I am not now and have never been a student at George Washington, but I think it's both a really good name and a great backstory for a school nickname. I am not alone in this, but not everyone agrees. Apparently the people who hate Hippos really hate Hippos—enough for the school to shoot it down prematurely due to “negative feedback during engagement events from various members of the community.” In a release this week, GW also rejected three other possible nicknames—Patriots, Eagles, Capitals—as they’re already the names of D.C.-area sports teams from George Mason University, American University, and the NHL, respectively. But the press release announcing “Moniker Madnessdid narrow the search down to 10 possibilities:

Ambassadors, Blue Fog, Catalysts, Fireworks, Independents, Monumentals, Revolutionaries, Sentinels, Squad, and Truth

As I previously reported, GW and branding firm Sullivan have said the new moniker must fit three principles: Shaping the Future, Free to Be Bold, and At the Center of Power. These “principles” are so vague (and also so obviously not principles) that they could fit basically any possible nickname George Washington could choose. I think it’s clear none of the proposed nicknames fit better than Hippos, but no matter. Let’s try to move on.

One odd thing about the nicknames that made the final round is that they’re all somehow even more vague than the guiding principles. Here’s a quick ranking of them from best to worst, in my opinion: Blue Fog, Sentinels, Catalysts, Fireworks, Monumentals, Ambassadors, Independents, Revolutionaries, Squad, Truth. I don’t love any of them.

But some are better than others. Blue Fog references one of the school’s primary colors and its location in the Foggy Bottom neighborhood. Sentinels comes from the military and basically just means “watchmen.” Catalysts is really vague, but fun to say. Fireworks sounds like a name a minor league baseball team renames itself for one night in July. Monumentals is unique, but also doesn't quite seem like a noun. Ambassadors is a weird one, but still way better than Independents. Revolutionaries is just lazy. It’s essentially trying for the same thing as Colonials; if you’re going to change it, change it.
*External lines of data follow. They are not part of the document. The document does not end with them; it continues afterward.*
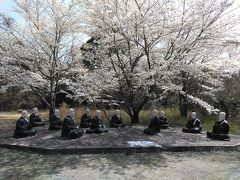 「日進・豊田」　愛知の珍スポット五色園と広大な鞍ケ池公園で花見して遊ぶ旅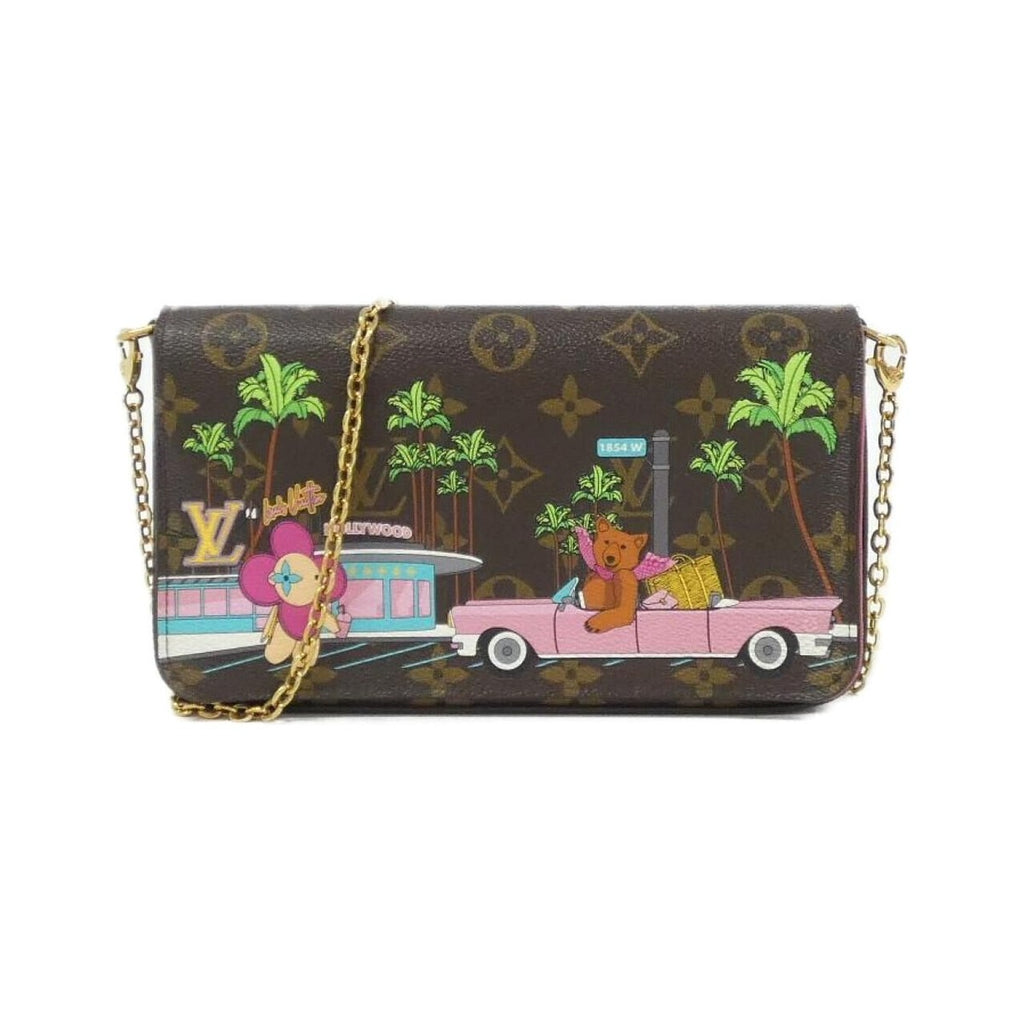 Louis Vuitton Monogram Pochette Felicie Shoulder Bag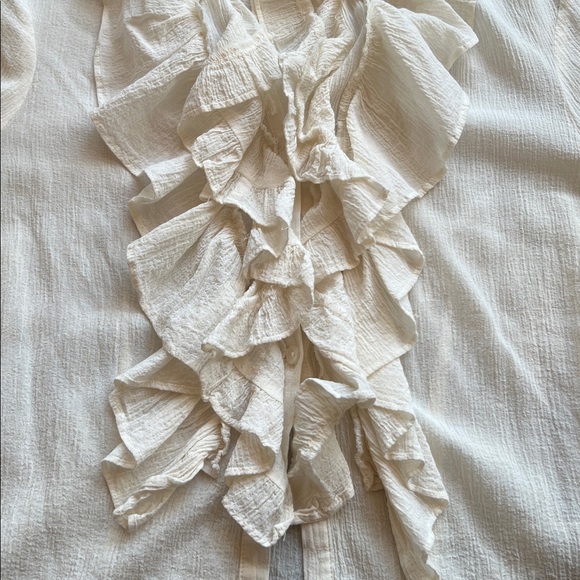 Vintage Nygard Collection Victorian Ruffle blouse - Picture 7 of 7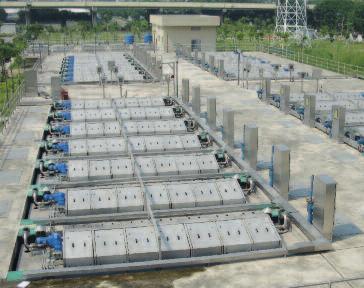 WASTE WATER Solutions Filtrace a mikrosíta Diskový filtr RoDisc Mikrosíto ke splehlivé separaci nejjemnějších látek Zachycení práškového aktivního uhlí k redukci stopových látek resp.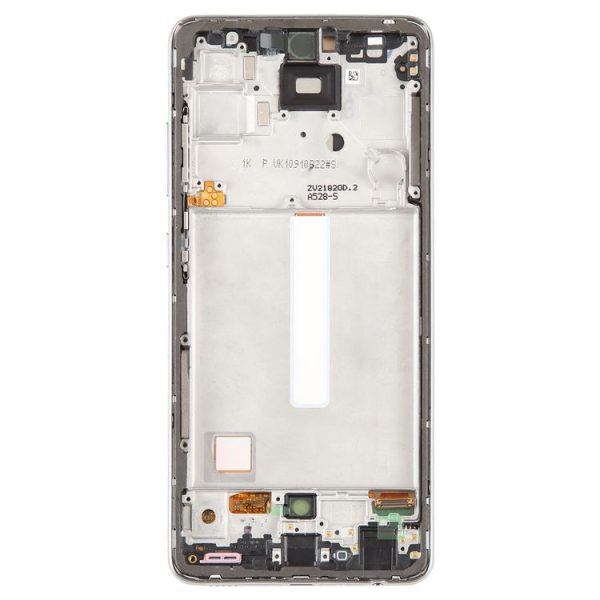 Samsung Galaxy A52S SM-A528B TFT LCD Screen Digitizer Full Assembly with Frame, Not Supporting Fingerprint Identification - Image 3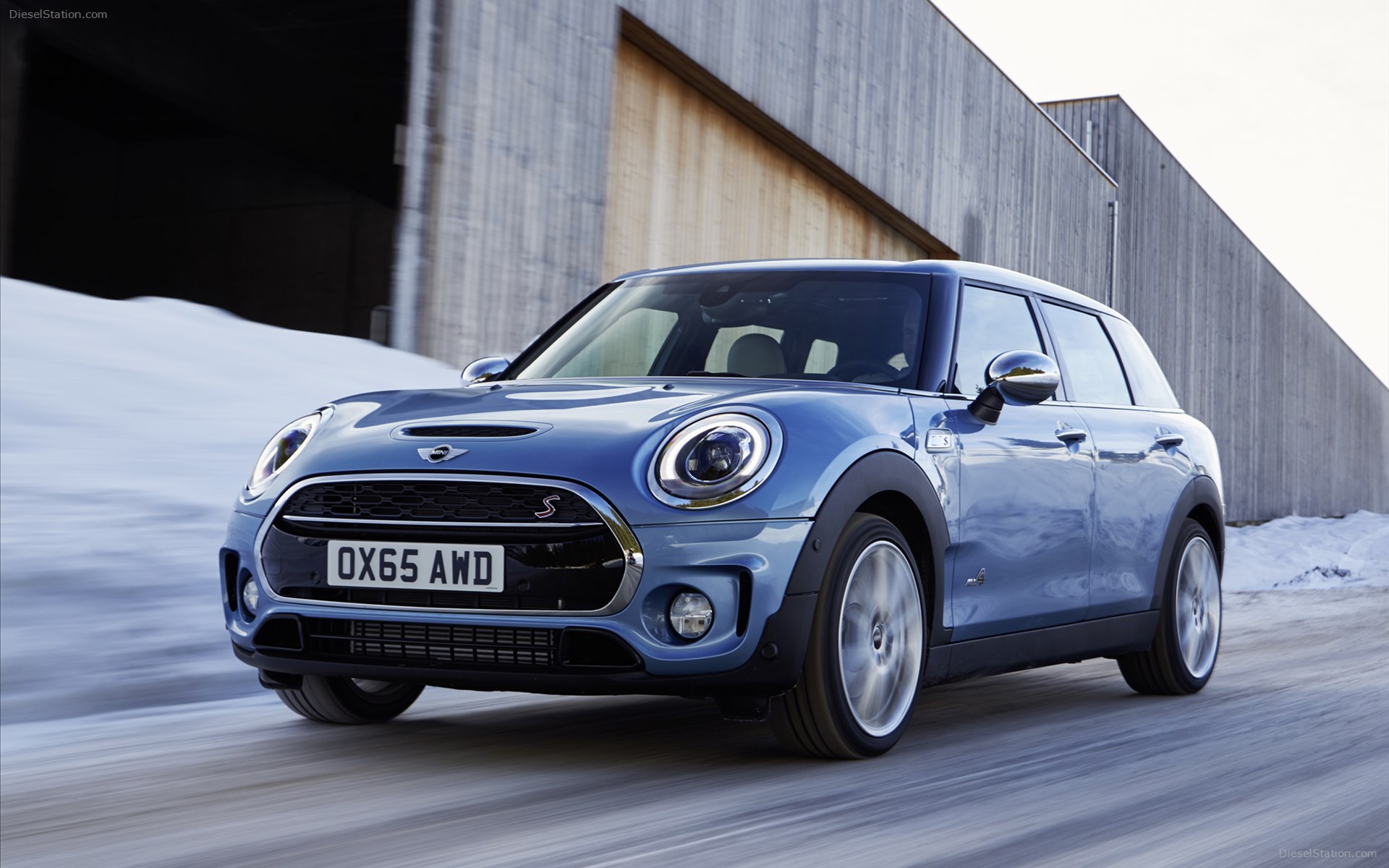 Mini Clubman ALL4 2016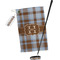 Two Color Plaid Golf Towel Gift Set (Personalized)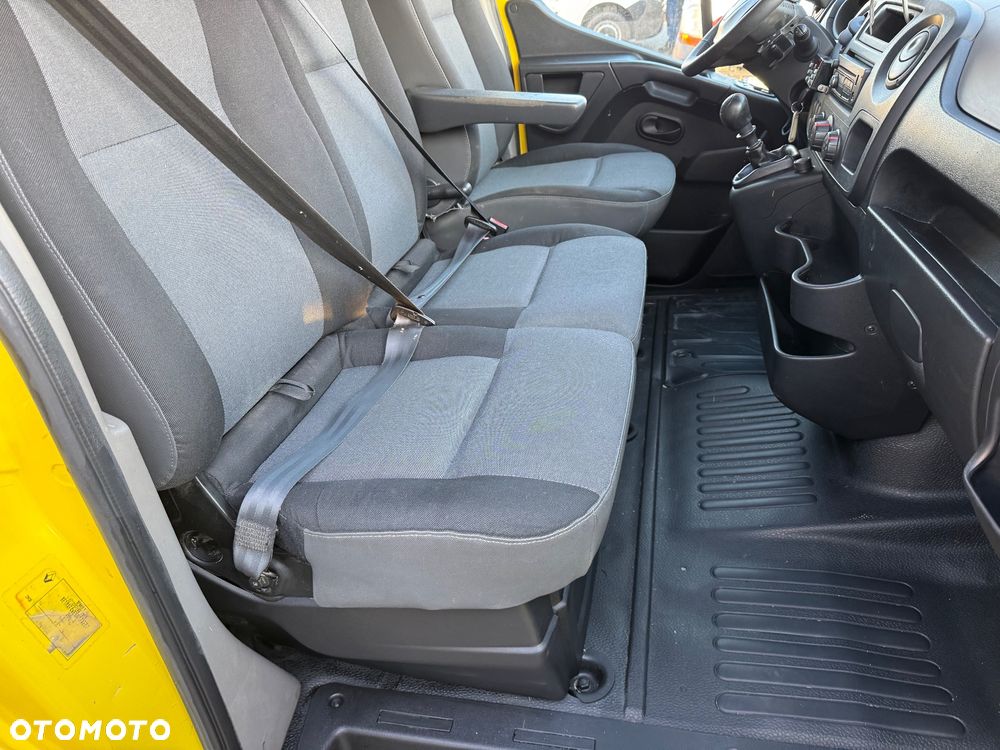 Renault Master 2xDrzwi Przesuwne 2014r. L3H2 Maxi Klima I wł. Tablica LED Roboty Drogowe Koguty - 25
Naming a sports team “Squad” might even be worse than if they were the “Team.” In any other circumstance it would be a pretty obvious Worst Possible Option when it comes to a team's nickname.

You should feel free to quibble with my rankings in the comments, with one exception: Truth is by far the worst nickname on this list. It is the worst potential nickname for any sports team ever, worse than even the proposed New Hampshire Primaries baseball team. If current athletes hated Hippos, what are they going to say about Truth?

No doubt it comes from the oft-told story about how George Washington chopped down his father’s cherry tree and, when confronted about it, admitted to it by saying “I cannot tell a lie … I did cut it with my hatchet.” Like many stories about politicians from colonial era, it is completely made up. The story behind it is pretty great, though. It was made up in the 19th century by Mason Locke Weems, who wrote The Life and Memorable Actions of George Washington in 1800. It was not until the book’s fifth edition, in 1816, that the story about the cherry tree made it in. Parson Weems said he heard it from an old family friend of the Washington’s, but we are all adults here. He made it up.

But did you notice that great potential nickname for George Washington University in the preceding paragraph? The school needs to add an 11th potential nickname. Forget The Truth, the Atlantic 10 needs the George Washington Memorable Actions.